The trial of defendant Juan Herrera for the sale of a substance containing heroin in violation of 21 U.S.C.A. § 841(a)(1), presented an opportunity for analysis of the factual prerequisites for the admissibility against Herrera of the declarations of his co-defendant, Jose Rodriguez, who was asserted by the Government, although not alleged in the indictment, to be Herrera’s co-conspirator or joint venturer. The situation presented by the evidence is deserving of explication for while the trial was to the court without a jury, in a very real sense it involved the correctness of a portion of a jury instruction widely used in this circuit in conspiracy cases, LaBuy, et al., Jury Instructions in Federal Criminal Cases, § 10.00, and the application of Rule 104(a) and (b) of the Federal Rules of Evidence.
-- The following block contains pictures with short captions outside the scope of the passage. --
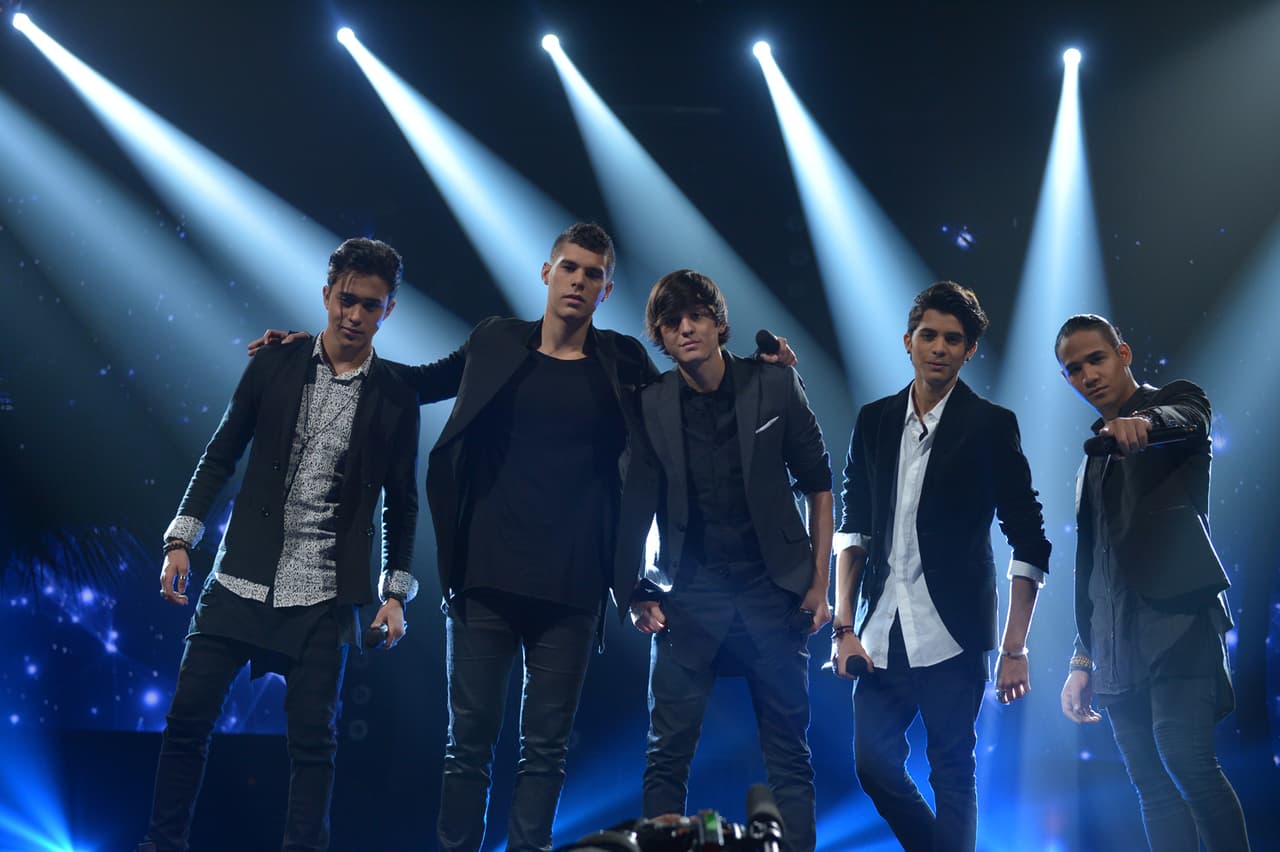 We all love CNCO! Eric, Zabdiel, Christopher, Joel y Richard cantaron sus éxitos "Tan fácil" y "Quisiera", si te perdiste la presentación
<a href="http://www.univision.com/shows/la-banda/cnco-regreso-a-la-banda-y-canto-tan-facil-y-quisiera-video" target="_blank"><b>aquí </b></a>la puedes ver una y otra vez.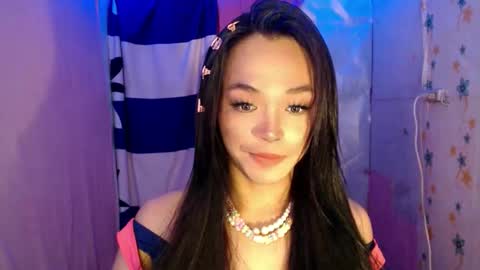 Snapshot of ursexy_debra chatting on 05-03-26, 02:50 TYRA online show from 05-03-26, 02:50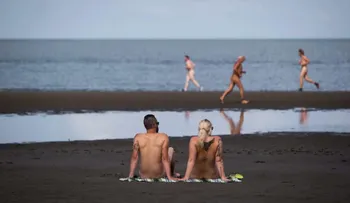 ¿Buscando una playa nudista? Estas son las 12 mejores del mundo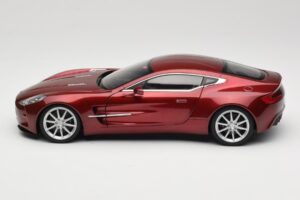 Aston Martin One-77 Diavolo Red AUTOart 1:18 70245 Metal - imagem 4 de 8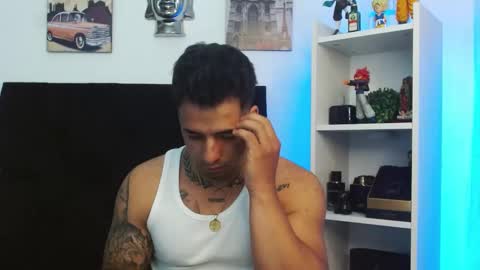 Darius Phoenix  online show from 01.04.25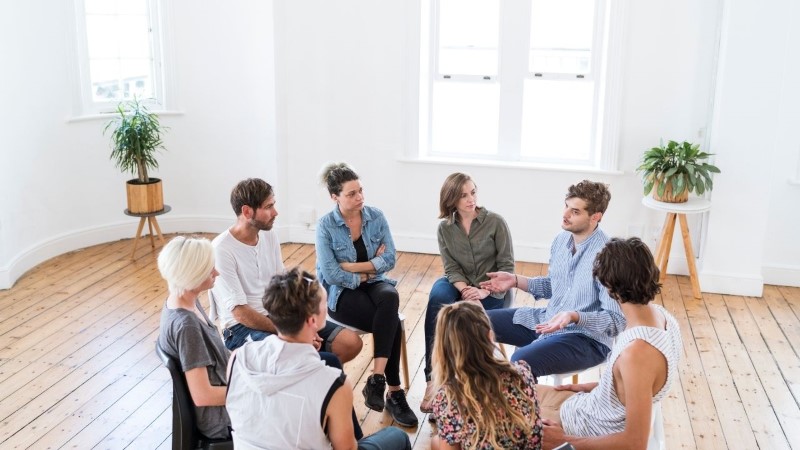 מה הן הסיבות המוכרות להתמכרות מוגים שונים?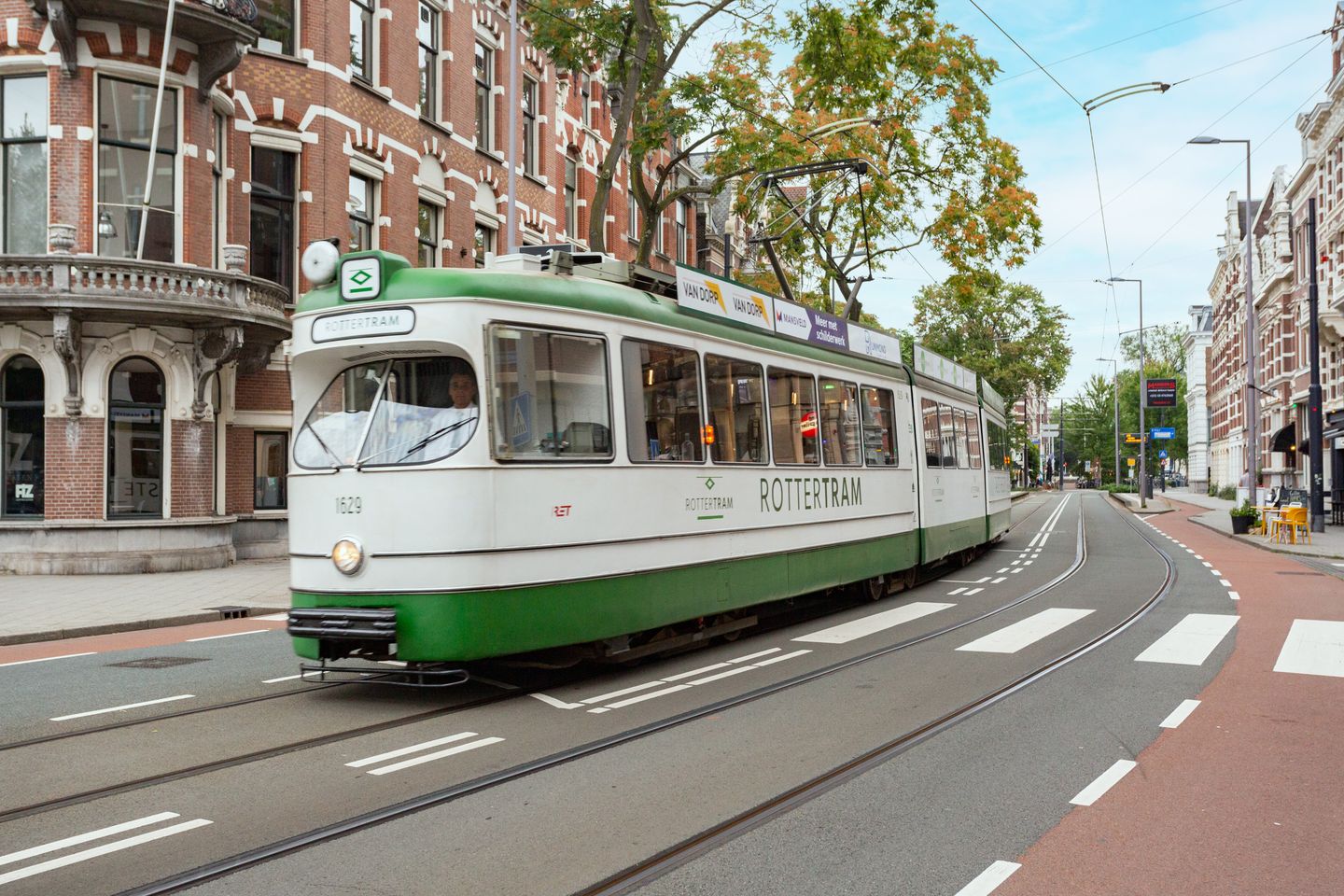 Foto 44 van Calandstraat 39-F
The indictment, in one count, alleged that on or about May 2, 1974, the defendants Rodriguez and Herrera “knowingly and intentionally did distribute approximately 23.606 grams of a substance containing heroin, a Schedule I narcotic drug controlled substance” in violation of 21 U.S.C. § 841(a)(1). Rodriguez pleaded guilty but that admission was, of course, not considered against Herrera in any way.

In Herrera’s trial the evidence, independent of any declarations by Rodriguez, established the following. By prearrangement, Rodriguez met an undercover narcotics agent, Riley, at approximately 7:00 p. m. on May 2, 1974 in a car wash at the northwest corner of Oakley Boulevard (running north and south) and Grand Avenue (running essentially east and west) on the north side of Chicago. That meeting and all of the subsequent activities which culminated in a sale of narcotics to Riley occurred under the surveillance of two other narcotics agents. Rodriguez left Riley and returned on two occasions. The second time he left he walked south across Grand Avenue and entered a tavern known as “Pepo’s.”

At about the same time, Herrera arrived in the neighborhood in a brown Toronado Oldsmobile which the evidence showed was registered in the name of one Fergosa. Herrera parked the Toronado on the east side of Oakley just south of Grand, got out and walked west across Oakley in the direction of Pepo’s. One agent whose credibility was doubtful, testified that Herrera entered Pepo’s.

Shortly thereafter Herrera and Rodriguez emerged from Pepo’s and walked together to the northwest corner of Oakley and Grand where they were observed to move their hands in such a manner as to cause one agent to testify that they shook hands, and another (who was observing them with binoculars from a position adjacent to the location of the brown Toronado) to testify that their hands crossed, Herrera’s first closed then open and Rodriguez’ first open and then closed.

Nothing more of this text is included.